- Born: Nicholas Anthony Ascioti May 30, 1974 (age 51) Syracuse, New York, United States
- Origin: United States
- Genres: Contemporary classical, Choral, Chamber
- Occupations: Composer, Conductor
- Years active: 1990s–present
- Labels: Albany Records, Parma Recordings, Navona Records

= Nicholas Anthony Ascioti =

American composer (born 1974)

Nicholas Anthony Ascioti (born May 30, 1974) is an American composer.

== Biography ==
Nicholas Anthony Ascioti was born in Syracuse, New York, on May 30, 1974. He attended the College of St. Rose in Albany, New York, where he graduated in Composition and Conducting. Since then, the College of Saint Rose has performed his music and sponsored an entire evening of his works. He earned his Master of Fine Arts degree in Composition, from Bennington College in Vermont. Many of his works, such as Credo (song cycle for voice and guitar), Four Memories (for piano and chamber orchestra) and String Quartet no. 2 have received premiere performances at Bennington College.

In October 2006 Ascioti released his debut CD, Creation's Voice, on the Albany Records label. Ascioti has received commissions from conductor David Allen Miller, of the Albany Symphony Orchestra, the Society for New Music and the Schoharie Concert Band. Nicholas focuses on chamber music, song cycles, and choral works. His piano music has received performances throughout the United States and Canada by Justin Kolb. His chamber works have been performed by sopranos Eileen Strempel & Nancy Loesch, tenor Alex Diaz, pianists Sylvie Beaudette and Amy Dissanayake, guitarist Christopher Ladd, and internationally recognized organists Maria Helena and Stephen Tharp. Ensembles include the Hyperion String Quartet, Adirondack Saxophone Quartet, Musicians of Ma'awlyck, Arcadia Brass Ensemble, The College of St. Rose Chamber Singers (under the direction of Robert Sheehan), The Bennington Contemporary Ensemble, and the Society for New Music.
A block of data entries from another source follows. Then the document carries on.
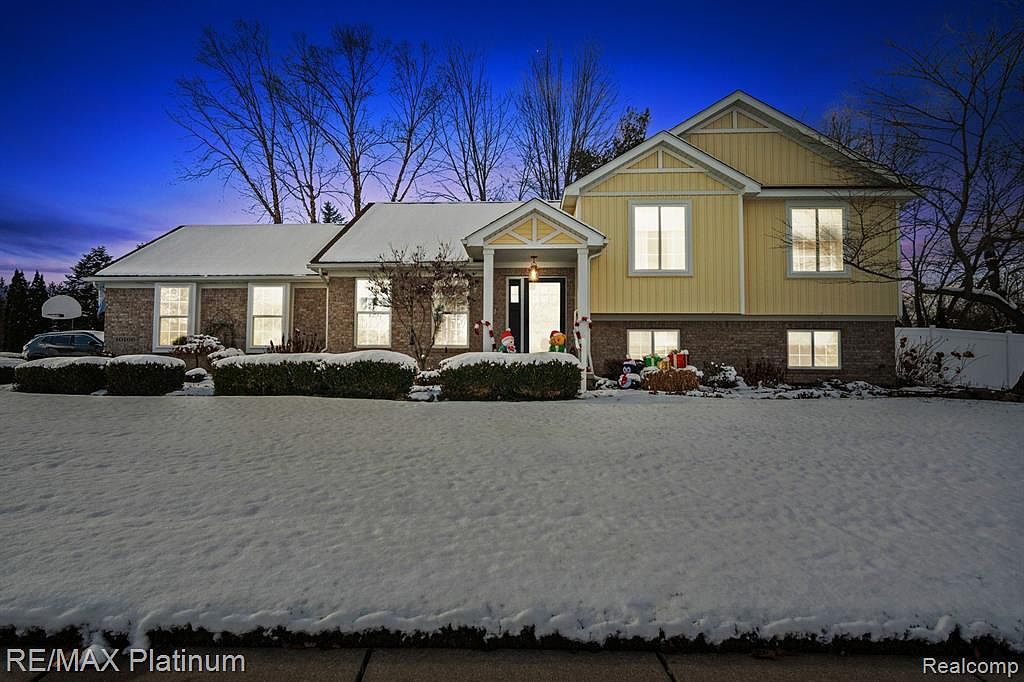 10166 Curtis Dr, Pinckney, MI 48169 Zillow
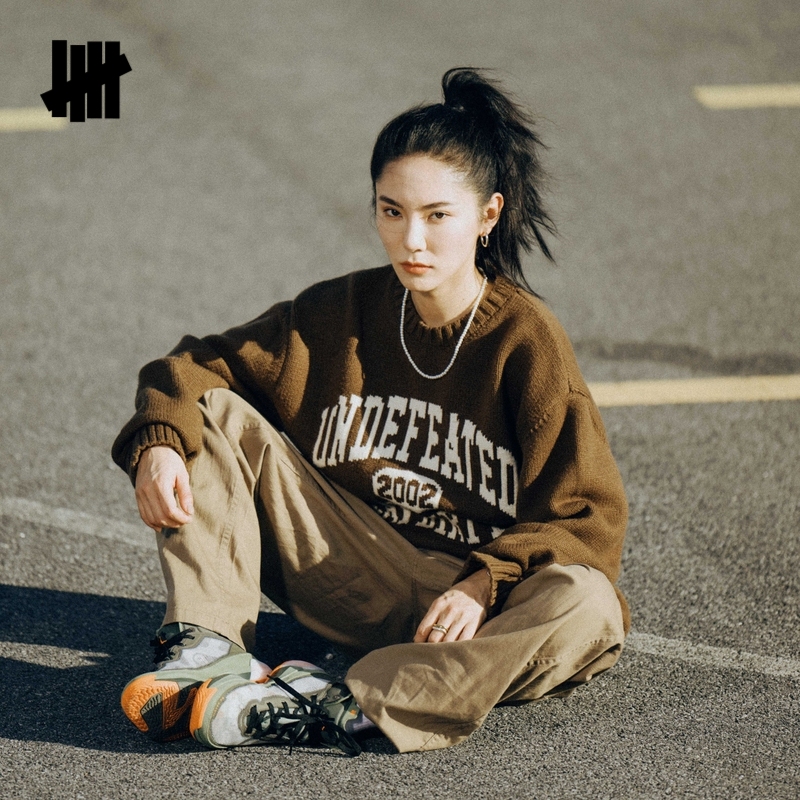 UNDEFEATED宽松版圆领提花毛衣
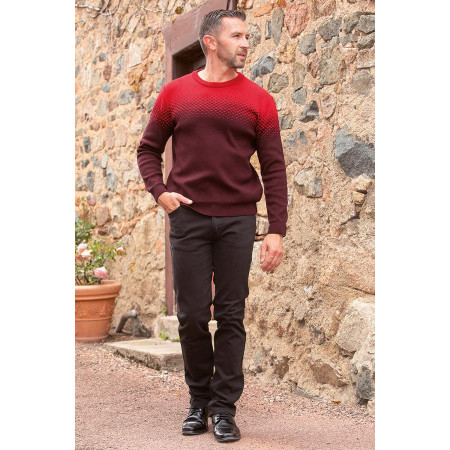 Pull ouvert dos droit croisé homme tenue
Nicholas has been a guest and his music is frequently heard on the Fresh Ink radio program on WCNY-FM. Nicholas was a composer-in-residence with the Society for New Music in Syracuse, where he participated in the "Composer in the Schools Program". As a conductor, Nicholas focuses on performances of the 20th century choral repertoire and as a concert promoter he oversees the Concert Series at St. Jude the Apostle Church. Nicholas currently lives in West Sand Lake, NY with his wife Emily and daughters Melody and Noelle. He serves as the Director of Music at St. Jude the Apostle Church and the St. Jude the Apostle School.

==Reviews==
Released on March 26, 2013 by Parma Recordings, Moto Perpetuo features Ascioti's Adirondack Meditations among the selections for cello.

Rory Cooper, a spokesperson for Parma, said that Ascioti's "... piece was selected for the Moto Perpetuo project because the music highlights the full expressive and functional range of the cello as instrument. The music oscillates from energetic, to violent, from lighthearted to introspective, with the cello working at times as a lead voice or a willing accompanist to the violin and piano. The goal of this project was to present a program that shows the listener the versatility of the cello in contemporary composition. 'Adirondack Meditations' was a perfect fit."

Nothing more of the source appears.